*WORK TO COMPLETE:*
Reproduce exactly the lines below, starting with the line that contains "Пакет подарочный прозрачный" and ending with the last line of the records, both included, and nothing else.

:: STORED DATA

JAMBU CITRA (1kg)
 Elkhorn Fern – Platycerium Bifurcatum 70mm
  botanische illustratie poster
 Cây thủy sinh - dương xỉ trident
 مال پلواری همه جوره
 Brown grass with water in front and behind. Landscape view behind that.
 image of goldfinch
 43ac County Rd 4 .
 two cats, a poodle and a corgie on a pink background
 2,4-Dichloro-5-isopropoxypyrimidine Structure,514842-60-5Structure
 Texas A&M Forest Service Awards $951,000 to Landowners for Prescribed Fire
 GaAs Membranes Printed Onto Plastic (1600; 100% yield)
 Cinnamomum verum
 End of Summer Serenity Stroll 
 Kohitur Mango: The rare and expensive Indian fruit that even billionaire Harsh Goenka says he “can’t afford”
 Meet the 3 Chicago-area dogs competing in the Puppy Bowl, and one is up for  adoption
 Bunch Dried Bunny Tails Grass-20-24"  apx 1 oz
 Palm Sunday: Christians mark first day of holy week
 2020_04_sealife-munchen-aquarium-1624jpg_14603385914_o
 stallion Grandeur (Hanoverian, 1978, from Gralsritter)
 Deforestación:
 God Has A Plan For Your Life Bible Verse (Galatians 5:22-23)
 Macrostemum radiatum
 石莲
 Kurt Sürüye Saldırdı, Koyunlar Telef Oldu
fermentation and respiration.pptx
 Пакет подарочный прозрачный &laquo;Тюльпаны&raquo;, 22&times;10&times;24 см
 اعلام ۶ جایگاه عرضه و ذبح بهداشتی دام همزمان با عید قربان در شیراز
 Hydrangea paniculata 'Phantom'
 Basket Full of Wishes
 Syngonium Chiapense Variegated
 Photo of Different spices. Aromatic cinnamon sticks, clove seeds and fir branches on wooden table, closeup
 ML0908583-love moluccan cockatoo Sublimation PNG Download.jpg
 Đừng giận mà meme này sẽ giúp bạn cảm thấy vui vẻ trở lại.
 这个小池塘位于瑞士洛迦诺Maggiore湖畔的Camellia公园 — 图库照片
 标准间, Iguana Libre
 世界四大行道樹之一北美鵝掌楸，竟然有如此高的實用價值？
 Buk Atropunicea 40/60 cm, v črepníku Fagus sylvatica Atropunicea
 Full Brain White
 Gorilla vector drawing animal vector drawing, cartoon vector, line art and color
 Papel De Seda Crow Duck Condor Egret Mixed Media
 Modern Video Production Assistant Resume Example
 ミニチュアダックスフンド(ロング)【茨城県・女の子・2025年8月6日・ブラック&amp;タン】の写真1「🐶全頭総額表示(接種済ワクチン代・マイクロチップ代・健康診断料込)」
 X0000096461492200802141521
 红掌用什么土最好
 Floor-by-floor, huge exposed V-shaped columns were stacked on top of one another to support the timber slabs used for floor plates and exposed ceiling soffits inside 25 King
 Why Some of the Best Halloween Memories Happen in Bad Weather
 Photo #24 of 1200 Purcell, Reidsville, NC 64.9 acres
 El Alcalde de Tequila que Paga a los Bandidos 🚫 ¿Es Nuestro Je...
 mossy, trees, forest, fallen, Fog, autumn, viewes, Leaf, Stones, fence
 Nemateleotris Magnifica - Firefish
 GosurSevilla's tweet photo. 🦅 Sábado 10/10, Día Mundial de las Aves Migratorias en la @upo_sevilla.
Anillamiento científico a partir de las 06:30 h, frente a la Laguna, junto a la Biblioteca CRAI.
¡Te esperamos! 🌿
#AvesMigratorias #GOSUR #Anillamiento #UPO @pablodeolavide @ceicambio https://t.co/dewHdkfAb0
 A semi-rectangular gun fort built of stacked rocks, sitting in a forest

::::

*YOUR SOLUTION:*
 Пакет подарочный прозрачный &laquo;Тюльпаны&raquo;, 22&times;10&times;24 см
 اعلام ۶ جایگاه عرضه و ذبح بهداشتی دام همزمان با عید قربان در شیراز
 Hydrangea paniculata 'Phantom'
 Basket Full of Wishes
 Syngonium Chiapense Variegated
 Photo of Different spices. Aromatic cinnamon sticks, clove seeds and fir branches on wooden table, closeup
 ML0908583-love moluccan cockatoo Sublimation PNG Download.jpg
 Đừng giận mà meme này sẽ giúp bạn cảm thấy vui vẻ trở lại.
 这个小池塘位于瑞士洛迦诺Maggiore湖畔的Camellia公园 — 图库照片
 标准间, Iguana Libre
 世界四大行道樹之一北美鵝掌楸，竟然有如此高的實用價值？
 Buk Atropunicea 40/60 cm, v črepníku Fagus sylvatica Atropunicea
 Full Brain White
 Gorilla vector drawing animal vector drawing, cartoon vector, line art and color
 Papel De Seda Crow Duck Condor Egret Mixed Media
 Modern Video Production Assistant Resume Example
 ミニチュアダックスフンド(ロング)【茨城県・女の子・2025年8月6日・ブラック&amp;タン】の写真1「🐶全頭総額表示(接種済ワクチン代・マイクロチップ代・健康診断料込)」
 X0000096461492200802141521
 红掌用什么土最好
 Floor-by-floor, huge exposed V-shaped columns were stacked on top of one another to support the timber slabs used for floor plates and exposed ceiling soffits inside 25 King
 Why Some of the Best Halloween Memories Happen in Bad Weather
 Photo #24 of 1200 Purcell, Reidsville, NC 64.9 acres
 El Alcalde de Tequila que Paga a los Bandidos 🚫 ¿Es Nuestro Je...
 mossy, trees, forest, fallen, Fog, autumn, viewes, Leaf, Stones, fence
 Nemateleotris Magnifica - Firefish
 GosurSevilla's tweet photo. 🦅 Sábado 10/10, Día Mundial de las Aves Migratorias en la @upo_sevilla.
Anillamiento científico a partir de las 06:30 h, frente a la Laguna, junto a la Biblioteca CRAI.
¡Te esperamos! 🌿
#AvesMigratorias #GOSUR #Anillamiento #UPO @pablodeolavide @ceicambio https://t.co/dewHdkfAb0
 A semi-rectangular gun fort built of stacked rocks, sitting in a forest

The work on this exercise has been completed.